Only the lines below from the one containing "May include: A" through the one containing "Wooden furniture in" belong in the answer, repeated exactly and without pictures.

Records from a data source:

————————

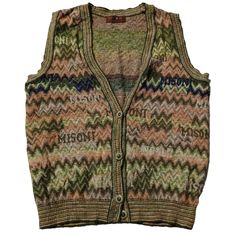 Vintage 90s Coogi Style Cardigan Vest Sleeveless Sweater for men - Classic Retro Knit Dive into the nostalgia of the 90s with this eye-catching vintage Coogi style v cardigan sweater! Inspired by the iconic designs of Coogi Australia, this sweater features the same bold patterns and vibrant colors that defined an era. Perfect for fashion lovers who appreciate unique, statement pieces. Features: Era: 1990s Style: Coogi-inspired Material: High-quality cotton blend (Soft, warm, and durable) Design: Y2k Sleeveless Winter Vest, Vintage Winter Sweater Vest, Retro Sleeveless Sweater For Winter, Retro Sleeveless Winter Sweater, Vintage Sleeveless Sweater For Winter, Vintage Sleeveless Winter Sweater, Vintage Sleeveless Winter Vest, Vintage Multicolor Sleeveless Sweater Vest, Retro Fitted Sleeveless Sweater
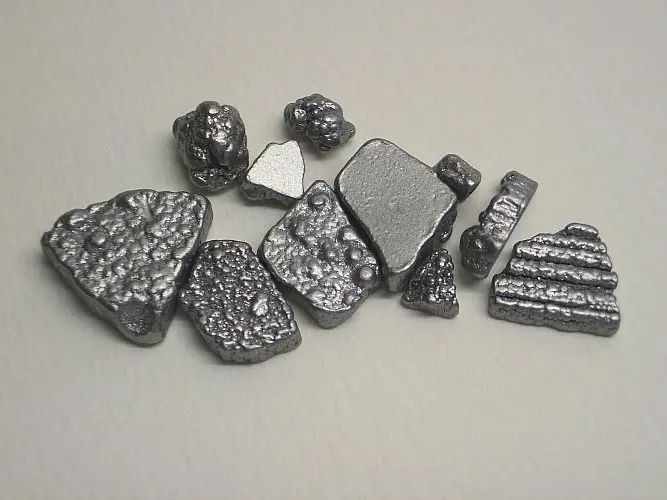 Small, flat, silvery-gray pieces of metal with rough, bumpy surfaces, on a pale gray surface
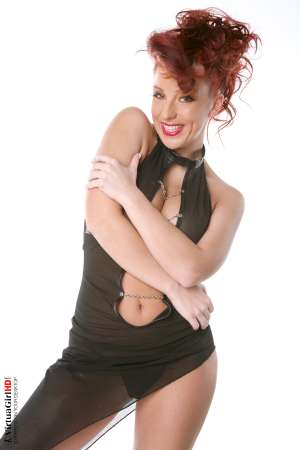 Stripper Picture of Ashley Robbins - Her auburn hair may not be the natural color and it may not match her pubes (when she isn�t completely shaved) but it shows you something about her personality. Ashley doesn�t want to be just another stripper � she wants to capture your imagination and make you one of her fans! Ashley Robbins is Sonia in the Classic cards collection.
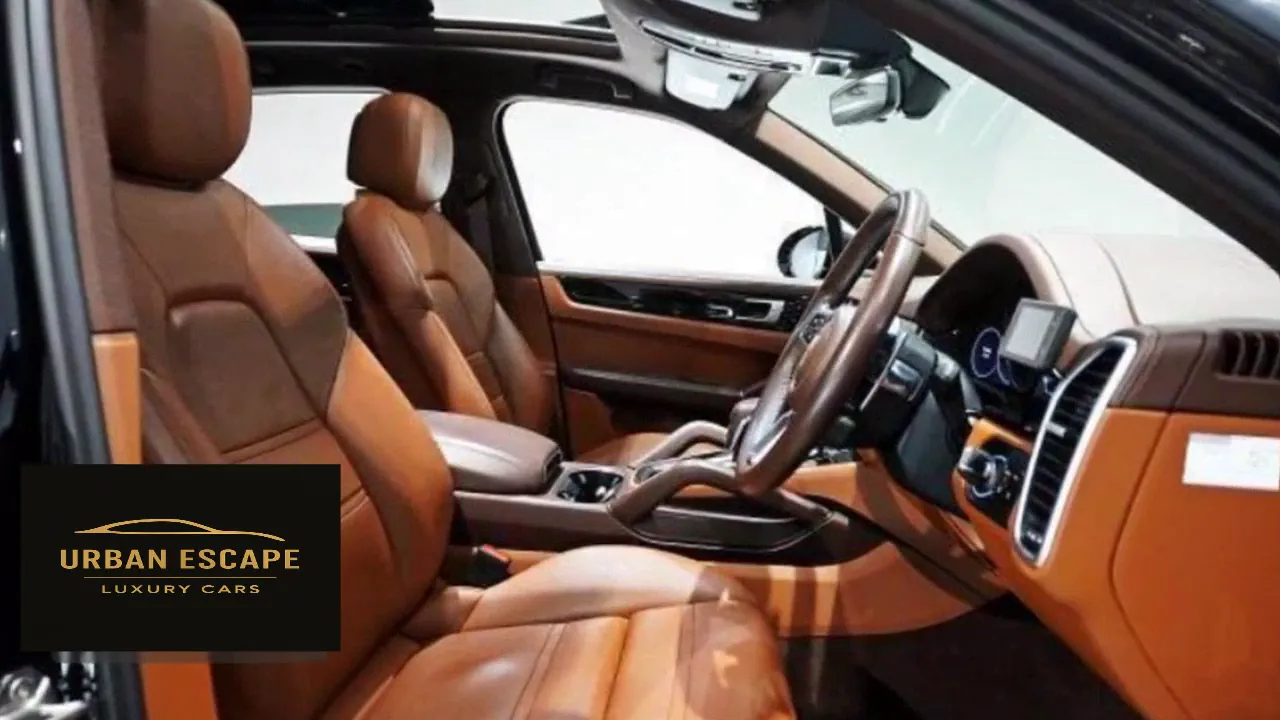 Porsche Cayenne front seats in cognac leather with matching door trim, seen through the passenger door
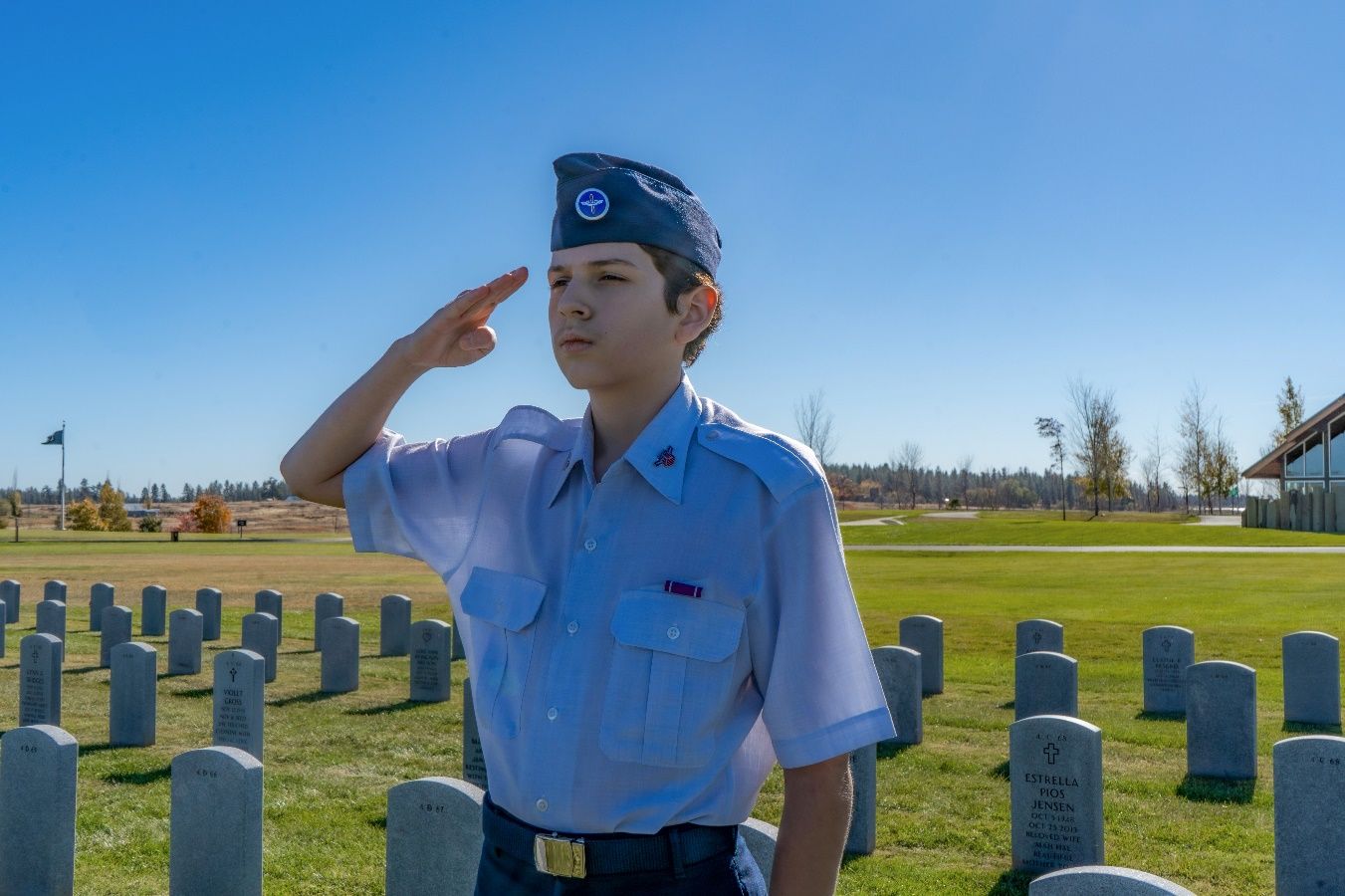 A child saluting in a cemetery Description automatically generated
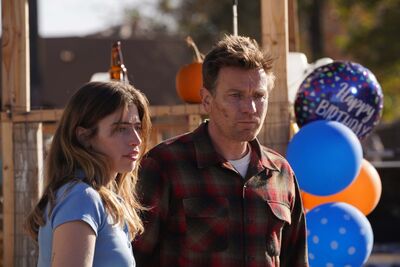 Ewan and Clara McGregor in Bleeding Love, standing in the sunshine surrounded by birthday balloons.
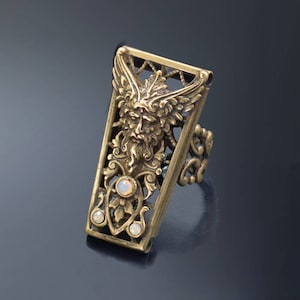 May include: A gold-toned ring with a detailed design featuring a green-faced figure with wings and opalescent stones. The ring is made of metal and has a rectangular shape.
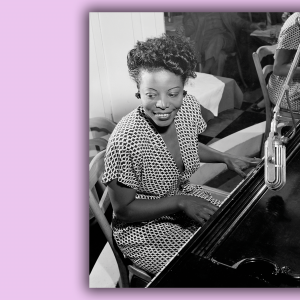 A portrait of Mary Lou Williams playing the piano and smiling.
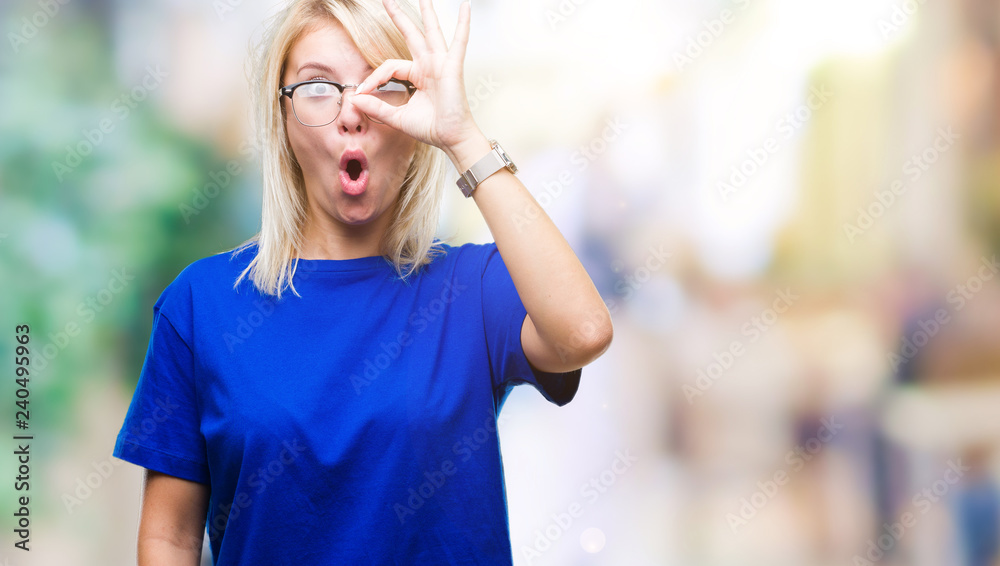 Young beautiful blonde woman wearing glasses over isolated background doing ok gesture shocked with surprised face, eye looking through fingers. Unbelieving expression.
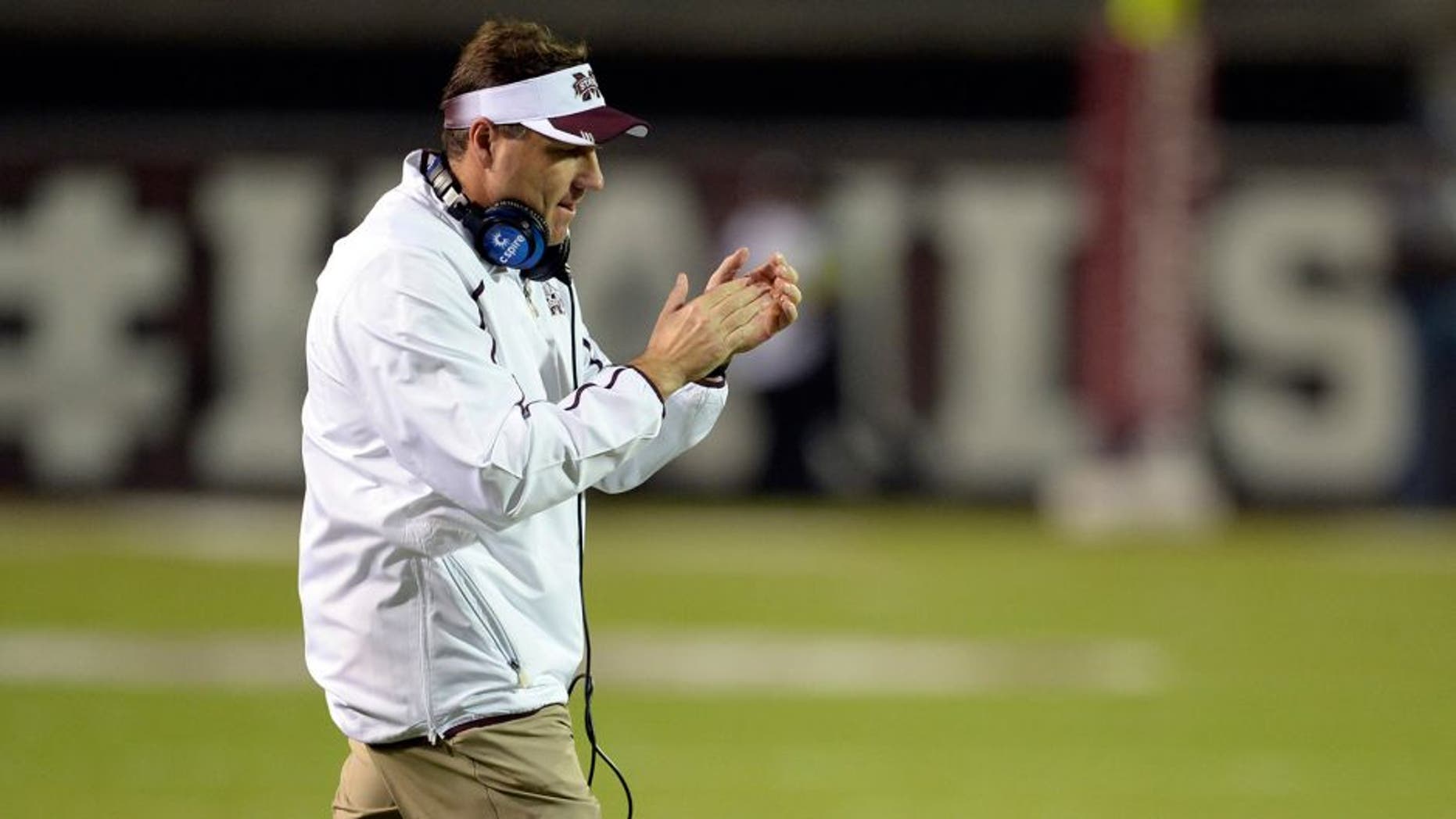 Nov 16, 2013; Starkville, MS, USA; Mississippi State Bulldogs head coach Dan Mullen cheers on hs players following a series of downs against the Alabama Crimson Tide during the first quarter at Davis Wade Stadium. Mandatory Credit: John David Mercer-USA TODAY Sports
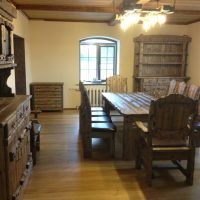 Wooden furniture in the dining room of the country house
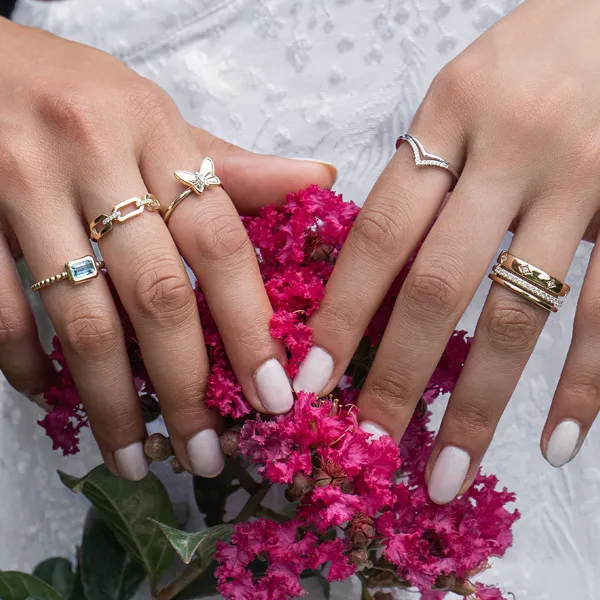 Hands with various gold rings holding pink flowers. Click to explore fashion rings at R. Gregory Jewelers.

————————

Answer to the exercise:
 May include: A gold-toned ring with a detailed design featuring a green-faced figure with wings and opalescent stones. The ring is made of metal and has a rectangular shape.
 A portrait of Mary Lou Williams playing the piano and smiling.
 Young beautiful blonde woman wearing glasses over isolated background doing ok gesture shocked with surprised face, eye looking through fingers. Unbelieving expression.
 Nov 16, 2013; Starkville, MS, USA; Mississippi State Bulldogs head coach Dan Mullen cheers on hs players following a series of downs against the Alabama Crimson Tide during the first quarter at Davis Wade Stadium. Mandatory Credit: John David Mercer-USA TODAY Sports
 Wooden furniture in the dining room of the country house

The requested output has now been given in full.